I need to set up a 1402 circuit, with the only difference between it and the 1402 circuit as the inductor, if there is a value that can be used by both I might do that, maybe 33 uH. If not I'll try to get the recommended value even if I must adjust or make them.

For capacitors I just used a 10 uF electrolytic and a 100 uF electrolytic, if I put a smaller better quality cap in parallel with them
that would improve efficiency as well, Parallel capacitors on the output of boost converters is a good idea even identical parallel
caps.  That's why I like Tinsels method of making big traces on hand drawn (mostly) PCB's because I can solder more caps on or
indicator LED's ect. I don't think signal traces should be too big though or too small or too long. 

..

[MarkE]

Really?  I have read in many places that will only work down to 1 volt, including on their website and videos.  Are they just rounding up the starting voltage from the chip? (.8 volts) and not mentioning how low it will still run?

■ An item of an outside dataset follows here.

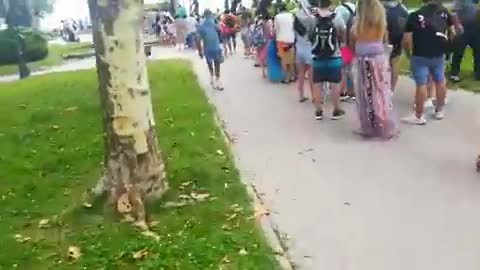 Larga fila de bozaleros para entrar a la playa de El Sardinero.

I will get one and test it for myself.  If what you say is correct, it will work better than what I am trying to build, and I will have a lot more than $6 in each board.

I must be getting old.

Thanks mark,

Bill

(Pasted from Sparkfun's site)

"Description: The NCP1402 is a 3.3V DC-DC converter. The breakout board will accept voltage inputs between 1 and 3 Volts (such as 1 or 2 AA batteries) and output a constant, low ripple 3.3V output capable of sourcing up to 200 mA."

I checked their data sheet but it is just a copy of the 1402's data sheet I already have.  I do not see where it says it will run below 1 volt.

ETA:  I just ordered one board and I will test to see how low it will go.  If this works, this is cheaper than I could get a blank board in 100 quantity from a supplier!  Plus, I won't have to solder those damn smd chips.  I will let you all know.

Bill

What happens is that the load current that the board can support and still regulate drops rapidly below 0.9V input.  This is due to limitations of the NCP1402 and the inductor.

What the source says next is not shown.